Bij uitspraak van 17 augustus 2006, verzonden op 18 augustus 2006, heeft de rechtbank 's-Hertogenbosch (hierna: de rechtbank) het daartegen door appellant sub 2 ingestelde beroep ongegrond verklaard. Deze uitspraak is aangehecht.
Tegen deze uitspraak hebben het college bij brief van 14 september 2006, bij de Raad van State ingekomen op 18 september 2006, en appellant sub 2 bij brief van 25 september 2006, bij de Raad van State ingekomen op 26 september 2006, hoger beroep ingesteld. Appellant sub 2 heeft zijn hoger beroep aangevuld bij brief van 18 oktober 2006. Deze brieven zijn aangehecht.
Bij brief van 4 december 2006 heeft appellant sub 2 een reactie ingediend op het hoger beroep van het college.
Bij brief van 17 januari 2007 heeft het college van antwoord gediend.
Na afloop van het vooronderzoek zijn nadere stukken ontvangen van appellant sub 2. Deze zijn aan de andere partij toegezonden.
De Afdeling heeft de zaak ter zitting behandeld op 28 februari 2007, waar het college, vertegenwoordigd door C.C.P. van Steen en M.X. Gangabisoensingh-Eekman, beiden ambtenaar van de gemeente, en appellant sub 2 in persoon en bijgestaan door mr. M.K. Weterings, gemachtigde, en [architect], zijn verschenen.
2.1. Het bouwplan ziet op de oprichting van een gebouw waarin een bedrijfswoning en een bedrijfsruimte zijn voorzien.

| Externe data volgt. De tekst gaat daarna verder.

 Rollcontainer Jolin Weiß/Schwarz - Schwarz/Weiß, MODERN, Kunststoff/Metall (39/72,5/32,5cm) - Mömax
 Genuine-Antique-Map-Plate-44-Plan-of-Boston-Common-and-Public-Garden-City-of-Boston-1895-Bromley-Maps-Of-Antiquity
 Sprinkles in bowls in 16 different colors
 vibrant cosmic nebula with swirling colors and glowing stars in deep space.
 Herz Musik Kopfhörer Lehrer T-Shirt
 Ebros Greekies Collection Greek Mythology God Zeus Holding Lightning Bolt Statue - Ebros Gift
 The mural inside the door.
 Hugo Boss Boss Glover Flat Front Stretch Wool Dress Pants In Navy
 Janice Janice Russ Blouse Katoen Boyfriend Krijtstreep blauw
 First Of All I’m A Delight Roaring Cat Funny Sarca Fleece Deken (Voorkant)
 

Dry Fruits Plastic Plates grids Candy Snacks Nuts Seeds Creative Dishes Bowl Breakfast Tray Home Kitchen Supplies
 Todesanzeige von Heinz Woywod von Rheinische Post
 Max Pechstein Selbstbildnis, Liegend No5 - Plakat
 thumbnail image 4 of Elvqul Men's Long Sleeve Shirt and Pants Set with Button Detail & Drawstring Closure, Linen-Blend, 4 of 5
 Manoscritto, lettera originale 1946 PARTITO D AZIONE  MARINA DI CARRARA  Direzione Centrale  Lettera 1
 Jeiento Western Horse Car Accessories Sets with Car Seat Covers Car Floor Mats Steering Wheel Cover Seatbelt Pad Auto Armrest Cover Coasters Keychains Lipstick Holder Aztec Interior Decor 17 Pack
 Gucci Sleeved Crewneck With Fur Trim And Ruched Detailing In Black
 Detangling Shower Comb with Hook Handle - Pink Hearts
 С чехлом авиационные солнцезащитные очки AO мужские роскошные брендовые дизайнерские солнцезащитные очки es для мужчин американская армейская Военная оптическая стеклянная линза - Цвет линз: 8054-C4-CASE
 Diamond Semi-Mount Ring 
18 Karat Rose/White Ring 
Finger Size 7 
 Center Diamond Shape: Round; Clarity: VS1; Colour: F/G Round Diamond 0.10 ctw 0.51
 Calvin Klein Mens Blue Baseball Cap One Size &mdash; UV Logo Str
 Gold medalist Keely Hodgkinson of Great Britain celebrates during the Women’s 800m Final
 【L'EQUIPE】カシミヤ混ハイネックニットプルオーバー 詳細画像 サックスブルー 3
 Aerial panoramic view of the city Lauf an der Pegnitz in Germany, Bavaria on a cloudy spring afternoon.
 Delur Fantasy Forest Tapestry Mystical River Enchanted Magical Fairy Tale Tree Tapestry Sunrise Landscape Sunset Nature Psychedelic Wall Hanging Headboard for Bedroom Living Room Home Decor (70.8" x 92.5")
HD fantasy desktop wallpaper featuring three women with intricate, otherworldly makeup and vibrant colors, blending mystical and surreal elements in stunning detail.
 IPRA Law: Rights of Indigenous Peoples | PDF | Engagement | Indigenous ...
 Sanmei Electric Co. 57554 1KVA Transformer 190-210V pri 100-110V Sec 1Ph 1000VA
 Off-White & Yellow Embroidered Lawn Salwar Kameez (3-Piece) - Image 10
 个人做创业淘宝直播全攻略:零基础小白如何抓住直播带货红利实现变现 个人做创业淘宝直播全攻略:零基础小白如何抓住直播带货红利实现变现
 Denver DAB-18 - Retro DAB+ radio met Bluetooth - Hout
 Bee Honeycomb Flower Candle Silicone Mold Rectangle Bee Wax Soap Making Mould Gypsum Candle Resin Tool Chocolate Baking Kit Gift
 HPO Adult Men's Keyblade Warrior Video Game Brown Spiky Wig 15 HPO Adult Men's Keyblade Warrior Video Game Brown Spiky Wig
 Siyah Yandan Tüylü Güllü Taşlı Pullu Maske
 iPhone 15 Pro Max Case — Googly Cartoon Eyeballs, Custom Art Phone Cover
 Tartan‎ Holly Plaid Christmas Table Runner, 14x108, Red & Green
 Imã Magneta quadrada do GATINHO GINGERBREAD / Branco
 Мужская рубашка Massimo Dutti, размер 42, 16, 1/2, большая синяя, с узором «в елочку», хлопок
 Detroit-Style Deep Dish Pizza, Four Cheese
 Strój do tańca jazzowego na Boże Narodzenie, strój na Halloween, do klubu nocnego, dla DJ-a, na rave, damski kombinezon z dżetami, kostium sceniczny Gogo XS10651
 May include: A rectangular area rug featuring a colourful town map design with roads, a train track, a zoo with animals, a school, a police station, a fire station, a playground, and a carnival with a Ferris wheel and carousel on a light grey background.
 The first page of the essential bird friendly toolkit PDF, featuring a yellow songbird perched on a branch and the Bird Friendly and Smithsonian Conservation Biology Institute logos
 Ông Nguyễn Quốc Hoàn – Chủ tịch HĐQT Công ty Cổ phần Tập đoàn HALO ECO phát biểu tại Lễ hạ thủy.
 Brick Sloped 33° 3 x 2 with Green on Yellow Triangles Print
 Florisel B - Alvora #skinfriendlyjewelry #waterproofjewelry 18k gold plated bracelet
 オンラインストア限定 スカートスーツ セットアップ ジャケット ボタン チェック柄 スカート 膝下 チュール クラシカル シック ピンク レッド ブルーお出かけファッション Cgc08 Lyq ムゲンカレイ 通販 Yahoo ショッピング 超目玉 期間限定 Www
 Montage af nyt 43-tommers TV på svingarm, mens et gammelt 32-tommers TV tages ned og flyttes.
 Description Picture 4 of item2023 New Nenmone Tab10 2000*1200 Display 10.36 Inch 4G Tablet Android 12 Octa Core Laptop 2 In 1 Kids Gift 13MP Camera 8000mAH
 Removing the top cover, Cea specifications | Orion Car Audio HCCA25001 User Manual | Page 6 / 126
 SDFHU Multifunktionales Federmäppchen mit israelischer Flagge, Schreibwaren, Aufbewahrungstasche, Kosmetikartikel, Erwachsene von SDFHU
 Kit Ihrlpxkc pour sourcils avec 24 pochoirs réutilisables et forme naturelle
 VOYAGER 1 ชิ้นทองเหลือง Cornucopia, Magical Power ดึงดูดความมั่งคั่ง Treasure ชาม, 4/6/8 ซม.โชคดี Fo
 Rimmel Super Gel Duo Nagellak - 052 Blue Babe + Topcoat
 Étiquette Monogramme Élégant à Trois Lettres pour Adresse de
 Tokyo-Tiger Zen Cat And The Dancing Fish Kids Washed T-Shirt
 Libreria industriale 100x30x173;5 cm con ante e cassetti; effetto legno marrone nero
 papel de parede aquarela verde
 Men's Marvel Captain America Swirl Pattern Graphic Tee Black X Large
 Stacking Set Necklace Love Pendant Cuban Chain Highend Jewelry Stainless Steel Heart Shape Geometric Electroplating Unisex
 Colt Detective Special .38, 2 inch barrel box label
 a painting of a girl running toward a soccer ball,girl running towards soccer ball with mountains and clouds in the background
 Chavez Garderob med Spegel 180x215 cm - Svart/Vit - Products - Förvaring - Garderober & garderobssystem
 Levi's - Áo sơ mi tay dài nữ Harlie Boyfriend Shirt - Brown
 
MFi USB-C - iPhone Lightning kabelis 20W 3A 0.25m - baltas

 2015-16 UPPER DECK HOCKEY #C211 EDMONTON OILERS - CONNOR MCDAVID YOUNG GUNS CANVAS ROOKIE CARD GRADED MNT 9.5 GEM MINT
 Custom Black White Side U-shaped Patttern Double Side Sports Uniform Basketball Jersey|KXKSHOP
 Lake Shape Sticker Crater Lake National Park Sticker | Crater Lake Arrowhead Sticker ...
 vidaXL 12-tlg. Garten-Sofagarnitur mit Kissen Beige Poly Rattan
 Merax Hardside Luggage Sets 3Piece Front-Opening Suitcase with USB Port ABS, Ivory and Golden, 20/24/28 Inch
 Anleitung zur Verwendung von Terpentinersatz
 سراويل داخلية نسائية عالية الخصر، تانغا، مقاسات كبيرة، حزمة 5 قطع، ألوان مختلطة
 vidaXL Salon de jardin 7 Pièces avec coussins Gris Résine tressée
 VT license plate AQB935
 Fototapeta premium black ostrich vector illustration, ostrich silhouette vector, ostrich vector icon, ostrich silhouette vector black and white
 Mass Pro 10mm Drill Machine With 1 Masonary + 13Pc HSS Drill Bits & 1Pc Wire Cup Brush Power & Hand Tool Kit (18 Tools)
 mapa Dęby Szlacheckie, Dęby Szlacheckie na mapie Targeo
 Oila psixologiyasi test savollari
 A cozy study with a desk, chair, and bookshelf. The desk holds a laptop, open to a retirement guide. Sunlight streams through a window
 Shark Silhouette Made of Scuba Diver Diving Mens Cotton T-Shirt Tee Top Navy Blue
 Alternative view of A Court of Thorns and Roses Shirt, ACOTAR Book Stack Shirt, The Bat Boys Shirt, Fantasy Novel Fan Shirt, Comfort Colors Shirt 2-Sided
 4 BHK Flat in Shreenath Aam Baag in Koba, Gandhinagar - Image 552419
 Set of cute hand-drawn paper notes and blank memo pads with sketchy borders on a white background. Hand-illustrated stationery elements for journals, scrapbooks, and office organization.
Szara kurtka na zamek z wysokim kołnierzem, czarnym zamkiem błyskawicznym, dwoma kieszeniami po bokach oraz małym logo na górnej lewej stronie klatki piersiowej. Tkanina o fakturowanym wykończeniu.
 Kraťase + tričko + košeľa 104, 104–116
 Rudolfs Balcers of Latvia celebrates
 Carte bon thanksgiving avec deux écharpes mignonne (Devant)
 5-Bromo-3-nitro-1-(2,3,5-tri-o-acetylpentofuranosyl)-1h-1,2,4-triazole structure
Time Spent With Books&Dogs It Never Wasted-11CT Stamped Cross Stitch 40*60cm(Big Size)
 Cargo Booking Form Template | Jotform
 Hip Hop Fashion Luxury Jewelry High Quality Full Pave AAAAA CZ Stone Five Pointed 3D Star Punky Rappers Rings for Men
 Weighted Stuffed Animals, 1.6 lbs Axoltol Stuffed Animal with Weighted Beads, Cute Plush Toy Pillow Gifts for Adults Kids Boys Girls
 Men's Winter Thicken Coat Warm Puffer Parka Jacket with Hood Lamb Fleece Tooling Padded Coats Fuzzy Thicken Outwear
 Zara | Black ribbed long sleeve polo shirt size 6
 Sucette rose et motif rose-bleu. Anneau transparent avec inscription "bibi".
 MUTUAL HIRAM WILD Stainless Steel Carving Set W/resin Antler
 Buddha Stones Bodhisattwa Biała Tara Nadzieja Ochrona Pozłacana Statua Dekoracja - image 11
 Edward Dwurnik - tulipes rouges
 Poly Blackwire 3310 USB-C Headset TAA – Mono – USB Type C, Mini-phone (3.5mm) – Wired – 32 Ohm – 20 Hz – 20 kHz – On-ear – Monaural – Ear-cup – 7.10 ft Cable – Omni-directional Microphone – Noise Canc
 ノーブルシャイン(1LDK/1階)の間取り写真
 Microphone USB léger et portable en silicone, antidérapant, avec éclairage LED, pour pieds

2.2. Tegen het oordeel van de rechtbank dat het college het in verband met de bouwaanvraag uitgebrachte advies van de Adviescommissie Agrarische Bouwaanvragen over de agrarische activiteiten van appellant sub 2 niet aan de beslissing op bezwaar ten grondslag had mogen leggen, is in hoger beroep niet opgekomen. Van de juistheid van dit oordeel moet dan ook worden uitgegaan.
2.3. Ingevolge het ter plaatse geldende bestemmingsplan "Buitengebied 1983" (hierna: het bestemmingsplan) rust op het perceel de bestemming "Agrarisch bouwblok".
Ingevolge artikel 3.1 van de planvoorschriften zijn de op de kaart als agrarisch bouwgebied aangewezen gronden bestemd om als bouwplaats te dienen voor agrarische bedrijven alsmede voor de exploitatie van agrarische bedrijven.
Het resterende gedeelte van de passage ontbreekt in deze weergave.